JOB OPENINGS AND LABOR TURNOVER SURVEY (JOLTS)
Job openings were unchanged at 9.0 million in December. The number of job openings has declined from a high of 12.0 million in March 2022 and has been moving sideways around the current level since July 2023.
The quits rate, which measures the number of quits during the month as a percent of employment, held steady at 2.2%. The quits rate has decelerated from 3.0% in April 2022 to 2.2% today. This is a healthy level and indicates workers are confident in their ability to find a better job.

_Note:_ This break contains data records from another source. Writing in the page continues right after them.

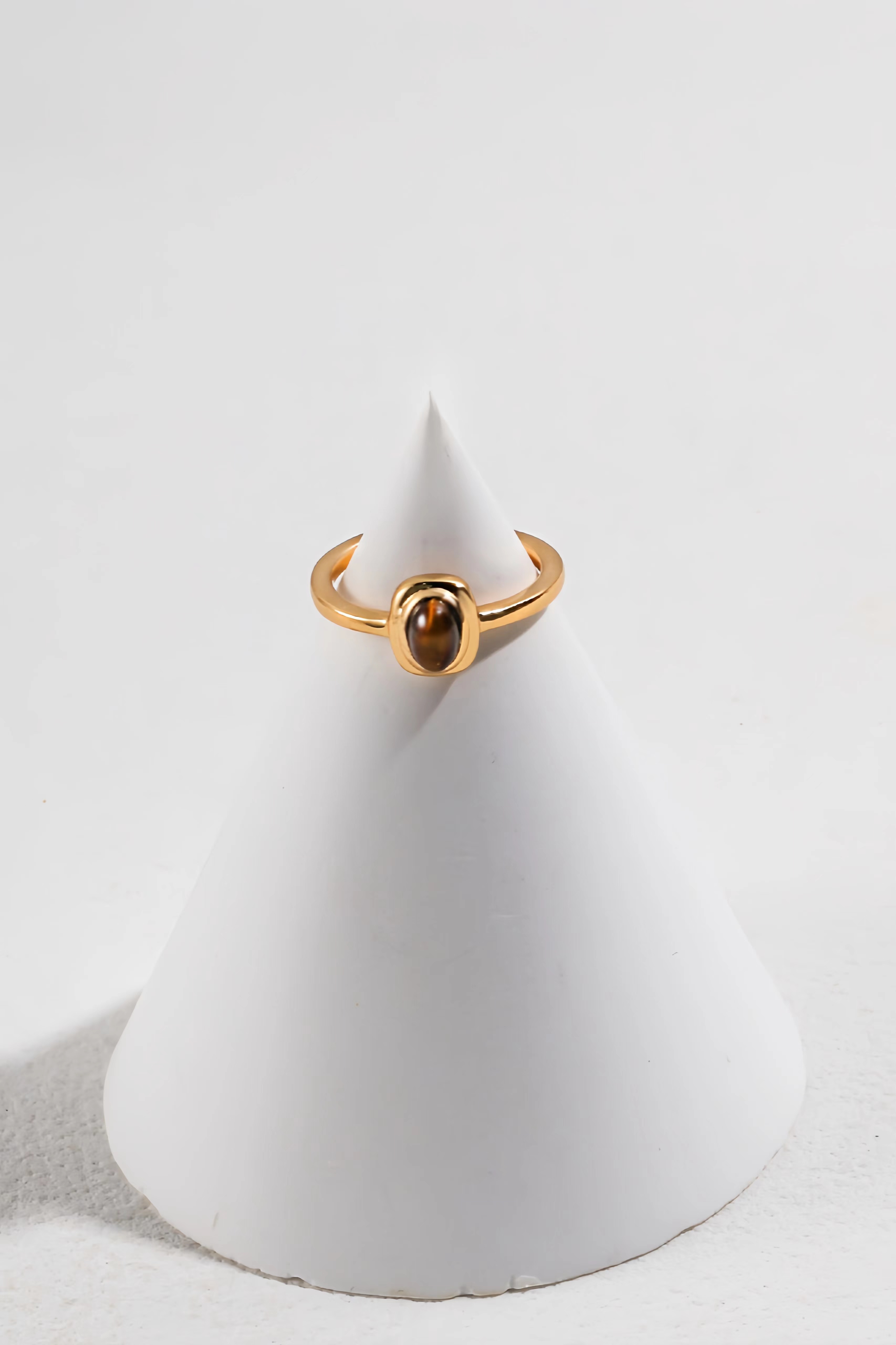 18K S925 Sterling Silver Fashion Tiger Eye Stone Collection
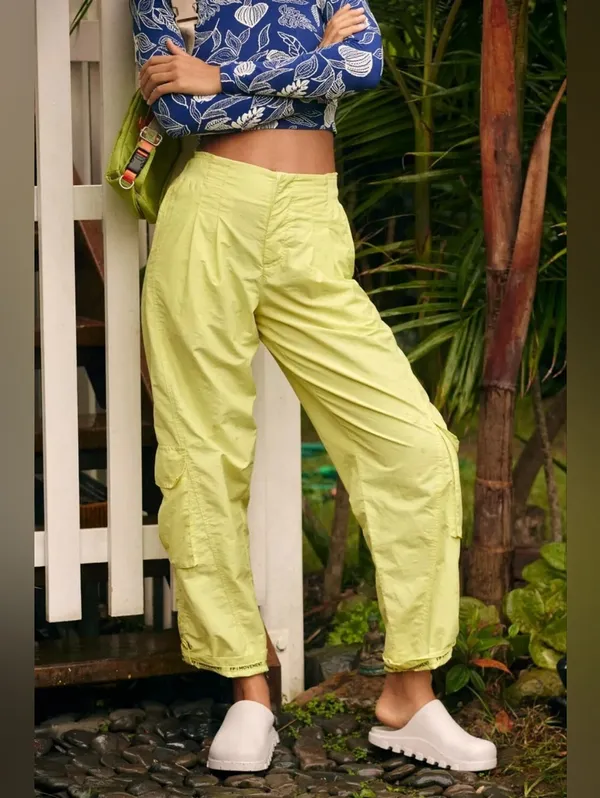 Free People Movement Mesmerize Me Pants Yellow - Image 2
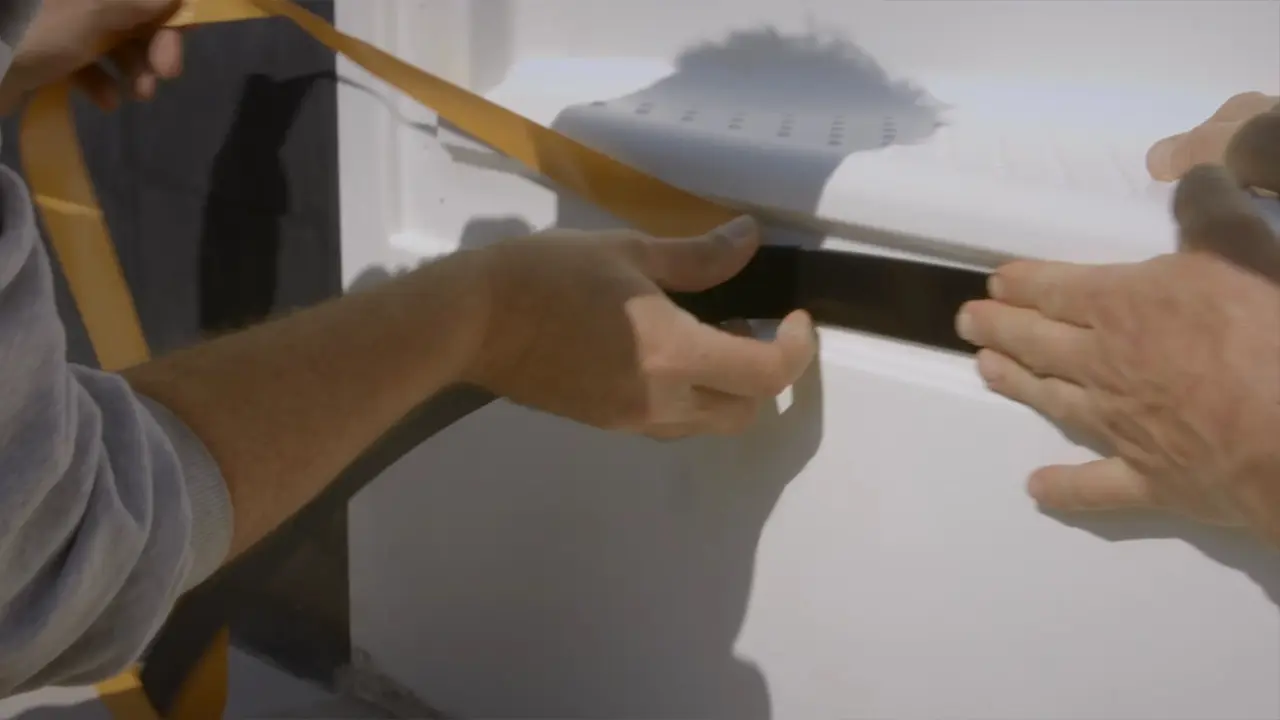 Pooltreppe für Poolfolie vorbereiten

The January JOLTS report will be released on March 6th and will include annual revisions.
NONFARM PAYROLLS
Nonfarm payrolls increased 353,000 in January to a new record high. Jobs grew in several industries, including professional and business services (74,000), health care (70,000), retail trade (45,000), and social assistance (30,000). Average hourly earnings for all employees rose 0.6% in January, and is up 4.5% year-over-year. The average workweek for all employees decreased to 34.1 hours. Over the most recent three-month period, nonfarm payrolls increased at a healthy average pace of 289,333 per month.
UNEMPLOYMENT
The unemployment rate was unchanged in January at 3.7% and the number of unemployed persons was stable at 6.1 million. The labor force participation rate was 62.5% in January. The unemployment rate has fluctuated in a narrow range between 3.4% and 3.8% since February 2022. We think the unemployment rate is likely to drift higher in the coming months due to the FOMC’s monetary policy actions to slow the pace of growth. So far, the labor market has been very resilient in the face of monetary policy tightening.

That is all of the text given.